**Data for the task**
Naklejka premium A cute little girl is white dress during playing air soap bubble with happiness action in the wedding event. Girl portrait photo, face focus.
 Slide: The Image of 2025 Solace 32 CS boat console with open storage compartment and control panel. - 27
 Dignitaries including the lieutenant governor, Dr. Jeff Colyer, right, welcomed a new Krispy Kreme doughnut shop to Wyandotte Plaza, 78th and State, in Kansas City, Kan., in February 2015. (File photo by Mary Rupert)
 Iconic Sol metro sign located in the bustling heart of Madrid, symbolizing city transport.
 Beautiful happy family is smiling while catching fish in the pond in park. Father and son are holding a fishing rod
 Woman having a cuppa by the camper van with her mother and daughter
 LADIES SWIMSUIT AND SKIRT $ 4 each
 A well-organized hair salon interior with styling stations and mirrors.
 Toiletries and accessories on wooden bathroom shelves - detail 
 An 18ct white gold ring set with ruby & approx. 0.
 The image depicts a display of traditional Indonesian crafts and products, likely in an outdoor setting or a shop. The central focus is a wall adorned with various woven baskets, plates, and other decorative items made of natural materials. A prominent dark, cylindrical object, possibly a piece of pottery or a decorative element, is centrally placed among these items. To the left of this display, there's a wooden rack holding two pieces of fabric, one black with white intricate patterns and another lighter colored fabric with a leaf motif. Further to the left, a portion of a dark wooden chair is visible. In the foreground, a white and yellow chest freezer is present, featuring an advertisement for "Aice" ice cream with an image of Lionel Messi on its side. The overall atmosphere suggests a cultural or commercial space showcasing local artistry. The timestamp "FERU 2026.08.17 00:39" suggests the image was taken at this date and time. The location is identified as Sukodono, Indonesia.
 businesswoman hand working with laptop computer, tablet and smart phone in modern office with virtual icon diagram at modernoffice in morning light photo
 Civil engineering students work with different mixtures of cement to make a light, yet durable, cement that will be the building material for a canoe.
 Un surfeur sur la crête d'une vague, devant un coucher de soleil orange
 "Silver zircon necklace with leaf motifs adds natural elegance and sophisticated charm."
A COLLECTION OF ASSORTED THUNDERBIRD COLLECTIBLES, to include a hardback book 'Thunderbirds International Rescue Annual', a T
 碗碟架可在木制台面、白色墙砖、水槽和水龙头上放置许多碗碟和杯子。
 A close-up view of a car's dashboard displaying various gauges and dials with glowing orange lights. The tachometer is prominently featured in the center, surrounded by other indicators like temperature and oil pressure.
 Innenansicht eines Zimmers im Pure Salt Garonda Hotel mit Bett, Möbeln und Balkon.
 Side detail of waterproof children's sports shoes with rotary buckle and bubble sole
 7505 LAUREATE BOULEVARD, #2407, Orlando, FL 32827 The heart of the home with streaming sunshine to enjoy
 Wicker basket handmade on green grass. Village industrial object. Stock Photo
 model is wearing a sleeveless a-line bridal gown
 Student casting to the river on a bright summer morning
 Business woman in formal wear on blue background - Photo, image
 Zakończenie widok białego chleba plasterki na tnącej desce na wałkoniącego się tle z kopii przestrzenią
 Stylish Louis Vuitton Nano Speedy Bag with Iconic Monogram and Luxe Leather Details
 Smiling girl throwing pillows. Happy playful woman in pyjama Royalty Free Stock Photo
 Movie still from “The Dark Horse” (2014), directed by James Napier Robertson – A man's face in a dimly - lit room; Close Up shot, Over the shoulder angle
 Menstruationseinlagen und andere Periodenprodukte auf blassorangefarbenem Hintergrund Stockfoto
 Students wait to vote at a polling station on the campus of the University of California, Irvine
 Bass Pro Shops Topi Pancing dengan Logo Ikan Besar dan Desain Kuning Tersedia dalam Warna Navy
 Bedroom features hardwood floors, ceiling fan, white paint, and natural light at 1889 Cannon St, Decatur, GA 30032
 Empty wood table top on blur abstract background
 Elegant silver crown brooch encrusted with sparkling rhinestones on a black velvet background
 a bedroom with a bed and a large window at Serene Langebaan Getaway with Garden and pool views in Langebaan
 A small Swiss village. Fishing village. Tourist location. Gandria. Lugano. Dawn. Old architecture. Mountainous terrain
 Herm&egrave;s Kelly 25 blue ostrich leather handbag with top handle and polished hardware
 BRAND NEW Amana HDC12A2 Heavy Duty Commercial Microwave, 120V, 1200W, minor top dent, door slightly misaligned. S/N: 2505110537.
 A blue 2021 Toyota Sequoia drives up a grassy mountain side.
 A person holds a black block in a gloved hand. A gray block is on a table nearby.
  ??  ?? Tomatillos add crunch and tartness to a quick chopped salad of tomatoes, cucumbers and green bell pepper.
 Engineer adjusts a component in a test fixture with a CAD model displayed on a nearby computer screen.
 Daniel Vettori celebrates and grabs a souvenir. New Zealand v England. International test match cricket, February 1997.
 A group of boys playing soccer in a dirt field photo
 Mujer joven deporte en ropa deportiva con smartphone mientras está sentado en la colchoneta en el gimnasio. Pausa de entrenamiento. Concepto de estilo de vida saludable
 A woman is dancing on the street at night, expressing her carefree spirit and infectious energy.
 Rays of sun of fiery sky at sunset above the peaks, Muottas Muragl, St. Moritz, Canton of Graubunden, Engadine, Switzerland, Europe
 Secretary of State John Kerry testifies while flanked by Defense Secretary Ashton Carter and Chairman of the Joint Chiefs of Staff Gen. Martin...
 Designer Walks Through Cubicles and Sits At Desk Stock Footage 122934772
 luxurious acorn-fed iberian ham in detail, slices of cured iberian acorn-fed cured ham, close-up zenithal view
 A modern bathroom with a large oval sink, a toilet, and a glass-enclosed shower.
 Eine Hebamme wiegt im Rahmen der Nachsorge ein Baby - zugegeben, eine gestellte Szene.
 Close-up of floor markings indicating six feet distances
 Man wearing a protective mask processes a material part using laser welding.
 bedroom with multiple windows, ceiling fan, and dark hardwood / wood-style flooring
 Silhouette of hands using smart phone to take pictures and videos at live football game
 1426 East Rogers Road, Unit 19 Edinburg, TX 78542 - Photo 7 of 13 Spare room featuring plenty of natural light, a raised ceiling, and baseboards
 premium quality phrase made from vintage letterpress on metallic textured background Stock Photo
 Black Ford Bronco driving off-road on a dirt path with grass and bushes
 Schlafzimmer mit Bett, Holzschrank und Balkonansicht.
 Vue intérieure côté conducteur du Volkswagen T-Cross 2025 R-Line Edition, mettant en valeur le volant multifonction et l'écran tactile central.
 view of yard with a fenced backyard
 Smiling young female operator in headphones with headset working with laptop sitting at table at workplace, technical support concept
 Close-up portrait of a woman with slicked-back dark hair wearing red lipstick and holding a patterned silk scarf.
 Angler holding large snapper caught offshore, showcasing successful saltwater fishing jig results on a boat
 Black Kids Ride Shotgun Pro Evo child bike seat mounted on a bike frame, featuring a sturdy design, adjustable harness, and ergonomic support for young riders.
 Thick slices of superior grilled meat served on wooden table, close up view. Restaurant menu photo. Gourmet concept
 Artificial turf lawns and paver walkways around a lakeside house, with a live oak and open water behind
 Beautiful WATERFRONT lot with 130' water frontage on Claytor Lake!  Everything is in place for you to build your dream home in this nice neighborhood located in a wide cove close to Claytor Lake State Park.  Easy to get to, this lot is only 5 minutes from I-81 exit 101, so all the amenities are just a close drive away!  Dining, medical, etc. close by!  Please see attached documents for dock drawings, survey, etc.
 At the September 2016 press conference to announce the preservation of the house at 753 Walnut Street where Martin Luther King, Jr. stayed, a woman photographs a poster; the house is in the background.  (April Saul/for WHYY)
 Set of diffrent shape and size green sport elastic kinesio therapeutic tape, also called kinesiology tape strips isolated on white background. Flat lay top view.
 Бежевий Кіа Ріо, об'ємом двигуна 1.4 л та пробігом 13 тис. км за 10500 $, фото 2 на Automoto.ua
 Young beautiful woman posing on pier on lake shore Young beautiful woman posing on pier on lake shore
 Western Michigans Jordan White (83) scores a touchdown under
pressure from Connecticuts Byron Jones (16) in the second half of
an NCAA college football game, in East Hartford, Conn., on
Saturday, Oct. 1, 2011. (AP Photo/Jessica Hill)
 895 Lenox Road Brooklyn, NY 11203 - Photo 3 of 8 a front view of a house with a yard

**Exercise description**
Your task is to restate, word for word, only those lines above that fall between the line holding "premium quality phrase" and the line holding "pressure from Connecticuts", inclusive.

**Result of the task**
 premium quality phrase made from vintage letterpress on metallic textured background Stock Photo
 Black Ford Bronco driving off-road on a dirt path with grass and bushes
 Schlafzimmer mit Bett, Holzschrank und Balkonansicht.
 Vue intérieure côté conducteur du Volkswagen T-Cross 2025 R-Line Edition, mettant en valeur le volant multifonction et l'écran tactile central.
 view of yard with a fenced backyard
 Smiling young female operator in headphones with headset working with laptop sitting at table at workplace, technical support concept
 Close-up portrait of a woman with slicked-back dark hair wearing red lipstick and holding a patterned silk scarf.
 Angler holding large snapper caught offshore, showcasing successful saltwater fishing jig results on a boat
 Black Kids Ride Shotgun Pro Evo child bike seat mounted on a bike frame, featuring a sturdy design, adjustable harness, and ergonomic support for young riders.
 Thick slices of superior grilled meat served on wooden table, close up view. Restaurant menu photo. Gourmet concept
 Artificial turf lawns and paver walkways around a lakeside house, with a live oak and open water behind
 Beautiful WATERFRONT lot with 130' water frontage on Claytor Lake!  Everything is in place for you to build your dream home in this nice neighborhood located in a wide cove close to Claytor Lake State Park.  Easy to get to, this lot is only 5 minutes from I-81 exit 101, so all the amenities are just a close drive away!  Dining, medical, etc. close by!  Please see attached documents for dock drawings, survey, etc.
 At the September 2016 press conference to announce the preservation of the house at 753 Walnut Street where Martin Luther King, Jr. stayed, a woman photographs a poster; the house is in the background.  (April Saul/for WHYY)
 Set of diffrent shape and size green sport elastic kinesio therapeutic tape, also called kinesiology tape strips isolated on white background. Flat lay top view.
 Бежевий Кіа Ріо, об'ємом двигуна 1.4 л та пробігом 13 тис. км за 10500 $, фото 2 на Automoto.ua
 Young beautiful woman posing on pier on lake shore Young beautiful woman posing on pier on lake shore
 Western Michigans Jordan White (83) scores a touchdown under
pressure from Connecticuts Byron Jones (16) in the second half of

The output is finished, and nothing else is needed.